В лесу моя оптика полетела в воду речушки, той самой, что потом протекала мимо деревни и правей которой мне наказывала держаться хозяйка. Тут же я сел на берегу и нюни распустил так, что сейчас и вспоминать стыдно. Только когда скрылся в воде фотоаппарат — орудие моего зла — я по-настоящему осознал, что погубил любимого человека. Сможешь ли Ты понять, Господи, Ты, расправившийся не с одним мерзавцем, сможешь ли Ты поверить мне, что я жалел о содеянном. Я рычал, но не от ненависти, а от бессилия, я не жаждал мести, я клеймил себя и зарекался остаток своей гнусной жизни прожить так, чтобы меня было не слышно и не видно. Тогда-то на берегу извилистой лесной речушки я впервые и вспомнил о Тебе. Впервые в жизни я попросил Тебя, Господи, чтобы Ты помог, но не мне — нет, Тане. Чтобы те отморозки оставили ее в живых, ведь такое вполне было в Твоих силах.
И странное дело: журчала вода в речушке, скрипели и шумели деревья, щебетали невидимые птицы — я вдруг услышал все это после первой в своей жизни молитвы, я успокоился и поверил, что Ты понял меня, что вместе с журчаньем воды и скрипом деревьев Ты уверяешь: все будет хорошо. И долго еще я сидел и слушал эти новые для меня звуки леса.
До грибов ли мне было тогда! Но стоило мне отойти немного от речки, раздумывая, в какой стороне находится деревня, и не слишком беспокоясь о том, что возвращаться придется с пустой корзинкой, как прямо на тропинке передо мной предстал гриб. Он стоял, накренив свою яркую шляпку, подбоченился, будто сам хотел в корзину, будто предлагал мне себя: возьми, срежь. А ведь по этой самой тропинке я шел к речке и, конечно, ничего не заметил. Хорошо хоть, не наступил на такого красавца. Я вытащил из прутьев корзинки хозяйкин кухонный ножик и присел над грибочком. Примял мягкий податливый мох и увидел, что ножка-то у гриба огромная. Взял его за эту ножку, ощутив его крепость, срезал и вдруг краем взгляда увидел еще одну точно такую же красную шляпку в паре метров от тропинки.
Непередаваемые впечатления!
В каком-то новом, неизвестном мне ранее азарте я накручивал круги по лесу в поисках красных, желтых, серых, бурых, а порой и совершенно удивительных расцветок шляпок. Грибы росли в таком изобилии, что не надо было даже далеко отходить от деревни. Я забыл обо всем, я наслаждался видом найденного красавца, срезал его и, оглянувшись по сторонам, спешил дальше. Я был как будто в счастливом сне, я радовался, как ребенок, каждой находке, а в голове, однажды возникнув, крутилась мысль: вот так и надо жить — получать от земли и от солнца добро, а потом отдавать себя людям, как вот этот гриб.
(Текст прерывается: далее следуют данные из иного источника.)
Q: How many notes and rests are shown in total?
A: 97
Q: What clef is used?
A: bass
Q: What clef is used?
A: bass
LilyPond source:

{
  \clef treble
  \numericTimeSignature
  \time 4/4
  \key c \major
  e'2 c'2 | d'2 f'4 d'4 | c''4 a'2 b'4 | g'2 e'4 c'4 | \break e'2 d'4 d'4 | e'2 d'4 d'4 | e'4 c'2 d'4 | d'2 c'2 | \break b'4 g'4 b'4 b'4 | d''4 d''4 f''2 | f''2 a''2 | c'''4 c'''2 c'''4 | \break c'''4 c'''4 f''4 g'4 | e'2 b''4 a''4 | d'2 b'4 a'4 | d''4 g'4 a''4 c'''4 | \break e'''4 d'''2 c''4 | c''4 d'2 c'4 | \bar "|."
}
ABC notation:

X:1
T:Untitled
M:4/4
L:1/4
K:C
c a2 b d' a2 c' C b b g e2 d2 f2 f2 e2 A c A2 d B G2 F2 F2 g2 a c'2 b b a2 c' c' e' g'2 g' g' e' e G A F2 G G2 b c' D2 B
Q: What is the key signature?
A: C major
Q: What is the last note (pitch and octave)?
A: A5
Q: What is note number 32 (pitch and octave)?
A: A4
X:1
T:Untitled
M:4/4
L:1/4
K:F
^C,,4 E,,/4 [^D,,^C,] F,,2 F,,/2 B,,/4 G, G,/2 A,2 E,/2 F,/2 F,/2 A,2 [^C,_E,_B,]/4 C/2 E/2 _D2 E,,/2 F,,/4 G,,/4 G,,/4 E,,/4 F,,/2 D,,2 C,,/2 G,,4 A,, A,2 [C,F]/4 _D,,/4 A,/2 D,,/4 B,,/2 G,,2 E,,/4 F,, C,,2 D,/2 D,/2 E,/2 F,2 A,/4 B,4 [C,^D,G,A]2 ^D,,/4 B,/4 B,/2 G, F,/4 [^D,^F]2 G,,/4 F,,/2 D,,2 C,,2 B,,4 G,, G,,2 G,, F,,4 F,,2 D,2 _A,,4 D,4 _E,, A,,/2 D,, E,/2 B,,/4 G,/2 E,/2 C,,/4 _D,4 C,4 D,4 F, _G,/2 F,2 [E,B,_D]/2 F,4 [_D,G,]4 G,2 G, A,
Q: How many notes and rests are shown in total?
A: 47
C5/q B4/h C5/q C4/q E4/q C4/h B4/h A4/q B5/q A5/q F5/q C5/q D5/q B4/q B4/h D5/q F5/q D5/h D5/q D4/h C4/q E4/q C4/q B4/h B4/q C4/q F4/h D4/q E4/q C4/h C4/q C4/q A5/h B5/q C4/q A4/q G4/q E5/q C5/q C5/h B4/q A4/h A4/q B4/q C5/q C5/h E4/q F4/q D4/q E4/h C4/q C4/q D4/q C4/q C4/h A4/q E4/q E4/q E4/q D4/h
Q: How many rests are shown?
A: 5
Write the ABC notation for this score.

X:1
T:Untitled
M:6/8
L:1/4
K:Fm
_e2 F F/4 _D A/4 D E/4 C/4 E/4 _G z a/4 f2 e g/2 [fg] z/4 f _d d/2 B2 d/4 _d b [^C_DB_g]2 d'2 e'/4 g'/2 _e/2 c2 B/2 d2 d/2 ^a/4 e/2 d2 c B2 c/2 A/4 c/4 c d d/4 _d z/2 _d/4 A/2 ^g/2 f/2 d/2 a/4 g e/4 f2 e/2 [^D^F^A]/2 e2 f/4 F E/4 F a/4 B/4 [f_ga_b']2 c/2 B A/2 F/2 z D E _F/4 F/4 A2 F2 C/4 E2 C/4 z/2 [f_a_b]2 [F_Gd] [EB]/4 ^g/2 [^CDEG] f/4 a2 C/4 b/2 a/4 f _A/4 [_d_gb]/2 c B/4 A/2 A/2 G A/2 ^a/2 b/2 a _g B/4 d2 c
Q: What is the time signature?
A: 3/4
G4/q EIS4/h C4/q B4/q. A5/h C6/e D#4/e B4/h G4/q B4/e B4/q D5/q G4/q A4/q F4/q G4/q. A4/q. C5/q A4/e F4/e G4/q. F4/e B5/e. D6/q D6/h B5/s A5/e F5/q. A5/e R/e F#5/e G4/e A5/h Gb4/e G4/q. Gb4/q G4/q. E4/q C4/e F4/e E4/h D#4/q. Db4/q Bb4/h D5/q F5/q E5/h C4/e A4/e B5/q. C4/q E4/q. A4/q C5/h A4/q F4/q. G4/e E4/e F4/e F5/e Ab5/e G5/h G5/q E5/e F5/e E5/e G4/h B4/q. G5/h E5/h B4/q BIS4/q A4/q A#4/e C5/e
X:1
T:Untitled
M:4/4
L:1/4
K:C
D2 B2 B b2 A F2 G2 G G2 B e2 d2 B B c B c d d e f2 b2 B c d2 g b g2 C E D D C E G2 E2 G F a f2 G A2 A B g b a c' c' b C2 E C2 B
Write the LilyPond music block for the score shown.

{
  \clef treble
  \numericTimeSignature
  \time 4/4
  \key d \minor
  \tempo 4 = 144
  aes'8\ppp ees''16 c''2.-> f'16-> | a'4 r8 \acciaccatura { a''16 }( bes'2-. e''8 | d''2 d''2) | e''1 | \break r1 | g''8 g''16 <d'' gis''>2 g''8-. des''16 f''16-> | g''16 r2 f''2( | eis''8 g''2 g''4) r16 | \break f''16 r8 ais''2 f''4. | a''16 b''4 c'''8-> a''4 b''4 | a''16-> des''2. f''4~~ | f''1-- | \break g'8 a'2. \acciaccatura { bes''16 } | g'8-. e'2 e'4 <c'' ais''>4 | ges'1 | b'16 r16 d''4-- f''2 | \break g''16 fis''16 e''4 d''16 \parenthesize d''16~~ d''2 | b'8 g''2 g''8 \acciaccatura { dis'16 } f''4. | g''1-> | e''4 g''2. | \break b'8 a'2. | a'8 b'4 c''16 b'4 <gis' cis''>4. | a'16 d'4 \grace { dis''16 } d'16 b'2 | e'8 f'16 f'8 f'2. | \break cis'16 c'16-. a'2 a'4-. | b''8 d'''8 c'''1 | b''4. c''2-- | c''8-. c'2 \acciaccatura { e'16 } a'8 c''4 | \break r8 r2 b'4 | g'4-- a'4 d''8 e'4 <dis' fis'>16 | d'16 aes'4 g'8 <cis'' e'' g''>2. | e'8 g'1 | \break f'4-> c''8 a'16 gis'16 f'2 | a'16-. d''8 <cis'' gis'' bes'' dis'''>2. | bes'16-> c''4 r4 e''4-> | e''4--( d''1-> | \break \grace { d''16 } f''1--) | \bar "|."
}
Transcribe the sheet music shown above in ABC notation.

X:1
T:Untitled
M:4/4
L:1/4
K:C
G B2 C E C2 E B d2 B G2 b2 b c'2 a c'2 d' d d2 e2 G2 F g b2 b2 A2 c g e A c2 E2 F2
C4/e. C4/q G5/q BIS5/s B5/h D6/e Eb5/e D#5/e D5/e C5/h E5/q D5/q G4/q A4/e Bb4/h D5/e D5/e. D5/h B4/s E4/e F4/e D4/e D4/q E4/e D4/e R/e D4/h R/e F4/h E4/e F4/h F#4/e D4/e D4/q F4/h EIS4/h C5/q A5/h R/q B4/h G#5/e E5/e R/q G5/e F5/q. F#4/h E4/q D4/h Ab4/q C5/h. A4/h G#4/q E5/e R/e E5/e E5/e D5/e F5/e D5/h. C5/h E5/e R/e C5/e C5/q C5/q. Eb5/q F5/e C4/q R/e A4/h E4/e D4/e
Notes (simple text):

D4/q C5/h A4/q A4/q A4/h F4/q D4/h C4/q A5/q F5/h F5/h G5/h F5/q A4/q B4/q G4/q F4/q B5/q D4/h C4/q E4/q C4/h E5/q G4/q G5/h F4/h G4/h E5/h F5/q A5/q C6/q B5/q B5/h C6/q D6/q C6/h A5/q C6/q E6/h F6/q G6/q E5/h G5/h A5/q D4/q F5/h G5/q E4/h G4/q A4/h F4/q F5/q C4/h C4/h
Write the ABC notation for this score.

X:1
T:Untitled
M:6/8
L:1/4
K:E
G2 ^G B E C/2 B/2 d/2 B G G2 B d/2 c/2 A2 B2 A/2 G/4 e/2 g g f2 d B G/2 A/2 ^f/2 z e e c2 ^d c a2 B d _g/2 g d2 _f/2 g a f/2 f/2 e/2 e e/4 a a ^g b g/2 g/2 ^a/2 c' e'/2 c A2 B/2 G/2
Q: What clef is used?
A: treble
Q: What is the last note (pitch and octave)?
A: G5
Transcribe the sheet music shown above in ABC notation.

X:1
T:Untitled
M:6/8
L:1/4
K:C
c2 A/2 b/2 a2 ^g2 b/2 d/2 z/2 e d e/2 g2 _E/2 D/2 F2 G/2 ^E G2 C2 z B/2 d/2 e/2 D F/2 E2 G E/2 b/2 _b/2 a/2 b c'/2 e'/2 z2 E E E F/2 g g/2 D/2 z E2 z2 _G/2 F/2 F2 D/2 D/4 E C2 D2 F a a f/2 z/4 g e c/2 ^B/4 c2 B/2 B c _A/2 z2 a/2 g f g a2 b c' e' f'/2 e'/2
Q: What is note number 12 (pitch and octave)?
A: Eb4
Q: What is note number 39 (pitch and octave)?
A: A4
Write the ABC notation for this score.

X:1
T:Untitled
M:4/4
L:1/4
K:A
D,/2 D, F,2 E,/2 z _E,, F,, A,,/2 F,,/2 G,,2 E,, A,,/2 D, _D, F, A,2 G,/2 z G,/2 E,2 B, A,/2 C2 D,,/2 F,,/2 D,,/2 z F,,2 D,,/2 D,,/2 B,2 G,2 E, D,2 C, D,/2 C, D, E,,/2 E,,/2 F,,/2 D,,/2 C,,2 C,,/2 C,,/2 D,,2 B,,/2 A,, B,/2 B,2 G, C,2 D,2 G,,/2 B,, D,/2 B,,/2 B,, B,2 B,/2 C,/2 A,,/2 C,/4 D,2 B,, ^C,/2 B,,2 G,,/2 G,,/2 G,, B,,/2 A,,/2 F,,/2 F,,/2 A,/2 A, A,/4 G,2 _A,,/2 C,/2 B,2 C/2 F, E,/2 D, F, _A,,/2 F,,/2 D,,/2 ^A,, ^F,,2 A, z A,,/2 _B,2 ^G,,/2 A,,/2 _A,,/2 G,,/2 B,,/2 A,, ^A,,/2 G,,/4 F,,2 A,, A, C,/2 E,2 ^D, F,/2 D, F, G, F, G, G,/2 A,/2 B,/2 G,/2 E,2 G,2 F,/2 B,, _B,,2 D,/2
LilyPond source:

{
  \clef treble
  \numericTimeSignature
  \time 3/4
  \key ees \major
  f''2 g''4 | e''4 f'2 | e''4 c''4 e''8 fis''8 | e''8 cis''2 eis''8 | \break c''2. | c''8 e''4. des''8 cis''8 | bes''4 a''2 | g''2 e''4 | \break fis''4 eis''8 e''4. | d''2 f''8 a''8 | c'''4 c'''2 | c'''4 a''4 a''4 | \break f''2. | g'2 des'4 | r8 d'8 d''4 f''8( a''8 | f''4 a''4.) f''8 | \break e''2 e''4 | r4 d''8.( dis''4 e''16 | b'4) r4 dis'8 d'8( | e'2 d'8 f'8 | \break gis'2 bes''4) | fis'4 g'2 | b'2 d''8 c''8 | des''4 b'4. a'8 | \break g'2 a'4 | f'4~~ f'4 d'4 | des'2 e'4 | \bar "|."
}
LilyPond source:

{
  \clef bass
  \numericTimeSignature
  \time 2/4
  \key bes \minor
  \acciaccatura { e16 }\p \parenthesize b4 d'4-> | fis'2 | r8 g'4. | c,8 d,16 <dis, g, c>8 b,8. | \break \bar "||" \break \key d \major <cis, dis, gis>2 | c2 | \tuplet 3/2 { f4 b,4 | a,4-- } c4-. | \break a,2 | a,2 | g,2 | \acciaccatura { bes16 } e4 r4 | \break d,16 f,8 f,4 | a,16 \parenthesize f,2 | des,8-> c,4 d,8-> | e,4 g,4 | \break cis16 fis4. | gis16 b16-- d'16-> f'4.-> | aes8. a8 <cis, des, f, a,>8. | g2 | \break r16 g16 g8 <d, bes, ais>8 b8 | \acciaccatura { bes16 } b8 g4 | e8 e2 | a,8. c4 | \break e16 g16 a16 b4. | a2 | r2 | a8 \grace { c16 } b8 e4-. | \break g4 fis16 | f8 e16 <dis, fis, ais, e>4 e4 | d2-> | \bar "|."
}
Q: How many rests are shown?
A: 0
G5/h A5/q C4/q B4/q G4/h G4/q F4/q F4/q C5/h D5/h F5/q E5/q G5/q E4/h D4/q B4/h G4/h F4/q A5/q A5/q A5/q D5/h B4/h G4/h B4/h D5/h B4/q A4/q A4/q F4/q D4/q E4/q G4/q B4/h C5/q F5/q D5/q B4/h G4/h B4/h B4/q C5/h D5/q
Так и плутая около деревни, я скоро с грустью обнаружил, что корзина, казалось, такая вместительная, полна до краев, а значит, надо выходить из леса.
После обеда мы с хозяйкой чистили мою добычу. Евдокия Тимофеевна, безжалостно выкинув половину содержимого корзины, рассказывала мне о грибах:
— Вот это белый — ценный гриб, а это тоже белый, но ложный. Попробуй языком под шляпкой — горько? — гриб тут же летел в помойное ведро. — Это вообще поганки, — снова в ведро. — А вот это вкусные грибочки — лисички. Никогда они не червивеют, не смотри. Моховик, волнушка… Это хорошо, даже волнушки пошли. Подожди, шкурку на шляпке надо почистить… Ничего, наука не сложная, враз одолеешь.